Hand-Made Doll—Princess Wearing Red Formal Kimono
About this Doll
This one-of-a-kind hand-made doll is wearing an uchikake, a highly formal kimono. Traditionally, these are worn only by brides or stage performers. Uchikake are often heavily brocaded and worn outside the actual kimono and obi (sash) as a sort of coat.
The color red is popular in Japan. Many shrines and temples are red. Since time immemorial the color red was seen as a way to scare away evil spirits. In old times Shinto priests were dressed in red, and now red aprons and caps often cover the sculptures of Bodhisattva and spirits. During Shinto festivals, tables covered with red cloths and red carpets are used.
Red is also the color of festivals and festival zones are marked by curtains with red and white stripes. The symbolic meaning of red is peace and the prosperity of the family. In Kabuki theater performances, red stripes on the actors’ faces means justice.
About the Artist
Shiko Sekihara is a master dollmaker based in Kyoto, Japan, known for hand-making dolls so exquisite that they seem to have a life of their own. Her main subjects are the beautiful female figures of Kabuki dancers and other characters.
She spent many years learning from her father, a grandmaster dollmaker, other celebrated artisans from Kyoto, and studying from many sources. Often, her dolls are born from the images that come down to her consciousness from a state of nothingness.

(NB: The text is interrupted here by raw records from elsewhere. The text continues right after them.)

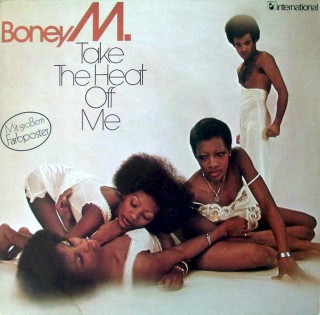 Boney M. - Take The Heat Off Me - LP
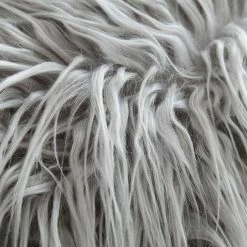 THSINDE Lot De 2 Taies D'oreiller, Oreillers Câlins, Coussins En Fourrure Moelleuse, Coussins De Canapé, Oreillers Décoratifs, Oreillers, Coussins De Canapé Aspect Fourrure, Housse De Coussin Pour Canapé, Salon 45 * 45 Cm, Gris Clair -France Coussin et housse de coussin Soldes Boutique 51032889 2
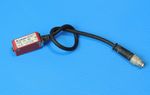 Leuze ILSER 3B/4, 200-S8 Throughbeam Photoelectric Sensor 50108518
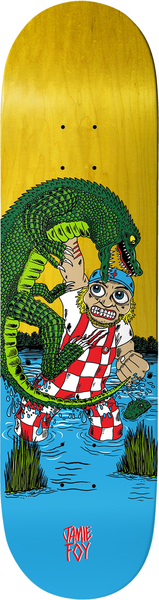 Deathwish Deck Jf Gator Attack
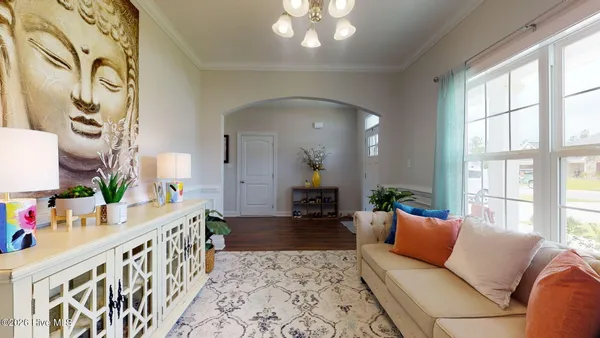 $2,200 | 603 Bonarva Court, Jacksonville, NC 28546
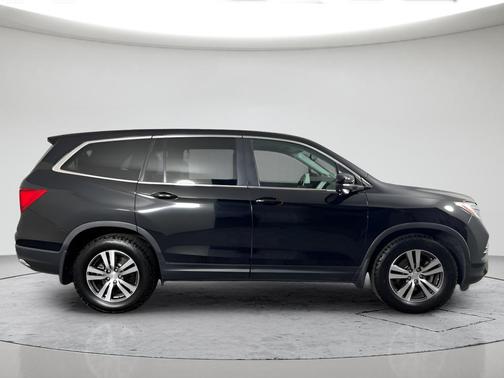 Black 2016 Honda Pilot EX-L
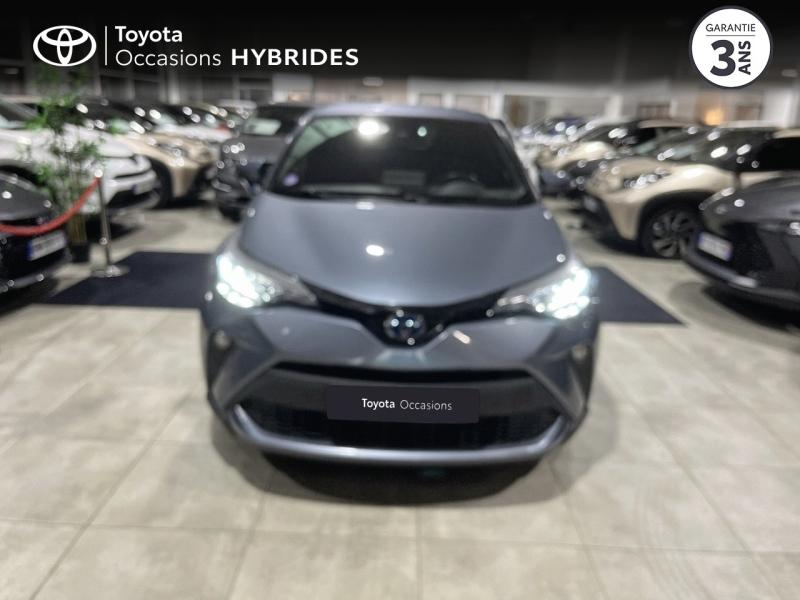 Photo 5 de l’annonce de TOYOTA C-HR d’occasion à vendre à LATTES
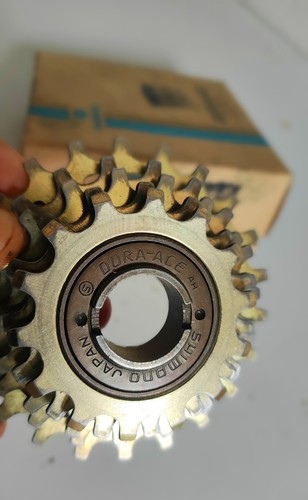 Vintage shimano dura ace - shimano, spd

"Guided by many connections, a light suddenly shines in my heart, which eventually becomes words and a clear image appears in my consciousness. However, it is not easy to give shape to the figure. After many months of agony and repeated failures, the way is opened to the form that I have envisioned.
In the final moments of the doll's completion, I am enveloped in a blissful moment when the light guides me and my hands move of their own accord to create the doll. To create a doll is a calling."
About Sekihara DollsShiko Sekihara has been creating dolls with Kyoto's traditional craftsmanship, such as dyeing, gilding, yuzen, embroidery, shibori, carving, metalwork, tortoiseshell, lacquer, woodworking, fans, and hair ties.
Each kimono shape, pattern, and layering has a traditional meaning that has been accumulated over thousands of years, and dolls are born from a combination of craft techniques and the beauty of the heart that comes from tradition.